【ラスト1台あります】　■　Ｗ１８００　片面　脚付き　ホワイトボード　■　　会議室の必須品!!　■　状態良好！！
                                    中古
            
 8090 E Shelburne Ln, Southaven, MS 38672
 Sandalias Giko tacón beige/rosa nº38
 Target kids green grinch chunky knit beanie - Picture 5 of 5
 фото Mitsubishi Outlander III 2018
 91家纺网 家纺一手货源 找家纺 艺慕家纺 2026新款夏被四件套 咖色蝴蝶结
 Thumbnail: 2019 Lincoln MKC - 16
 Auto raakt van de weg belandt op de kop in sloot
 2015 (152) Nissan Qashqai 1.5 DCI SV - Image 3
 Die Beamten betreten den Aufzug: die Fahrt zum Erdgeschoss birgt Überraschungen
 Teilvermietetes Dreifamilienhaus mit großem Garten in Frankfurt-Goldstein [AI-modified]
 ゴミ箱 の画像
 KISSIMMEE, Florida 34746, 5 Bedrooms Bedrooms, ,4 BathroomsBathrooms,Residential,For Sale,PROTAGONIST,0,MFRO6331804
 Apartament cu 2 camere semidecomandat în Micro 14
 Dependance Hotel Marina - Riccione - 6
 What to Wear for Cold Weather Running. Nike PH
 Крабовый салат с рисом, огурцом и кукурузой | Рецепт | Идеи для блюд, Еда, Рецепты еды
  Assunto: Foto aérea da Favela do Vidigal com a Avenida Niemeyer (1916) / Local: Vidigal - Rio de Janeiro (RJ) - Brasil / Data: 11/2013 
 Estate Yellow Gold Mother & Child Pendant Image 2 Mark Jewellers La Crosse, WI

Task objective
Retype all of the material. Each line must match exactly.

Solution to the problem
【ラスト1台あります】　■　Ｗ１８００　片面　脚付き　ホワイトボード　■　　会議室の必須品!!　■　状態良好！！
                                    中古
            
 8090 E Shelburne Ln, Southaven, MS 38672
 Sandalias Giko tacón beige/rosa nº38
 Target kids green grinch chunky knit beanie - Picture 5 of 5
 фото Mitsubishi Outlander III 2018
 91家纺网 家纺一手货源 找家纺 艺慕家纺 2026新款夏被四件套 咖色蝴蝶结
 Thumbnail: 2019 Lincoln MKC - 16
 Auto raakt van de weg belandt op de kop in sloot
 2015 (152) Nissan Qashqai 1.5 DCI SV - Image 3
 Die Beamten betreten den Aufzug: die Fahrt zum Erdgeschoss birgt Überraschungen
 Teilvermietetes Dreifamilienhaus mit großem Garten in Frankfurt-Goldstein [AI-modified]
 ゴミ箱 の画像
 KISSIMMEE, Florida 34746, 5 Bedrooms Bedrooms, ,4 BathroomsBathrooms,Residential,For Sale,PROTAGONIST,0,MFRO6331804
 Apartament cu 2 camere semidecomandat în Micro 14
 Dependance Hotel Marina - Riccione - 6
 What to Wear for Cold Weather Running. Nike PH
 Крабовый салат с рисом, огурцом и кукурузой | Рецепт | Идеи для блюд, Еда, Рецепты еды
  Assunto: Foto aérea da Favela do Vidigal com a Avenida Niemeyer (1916) / Local: Vidigal - Rio de Janeiro (RJ) - Brasil / Data: 11/2013 
 Estate Yellow Gold Mother & Child Pendant Image 2 Mark Jewellers La Crosse, WI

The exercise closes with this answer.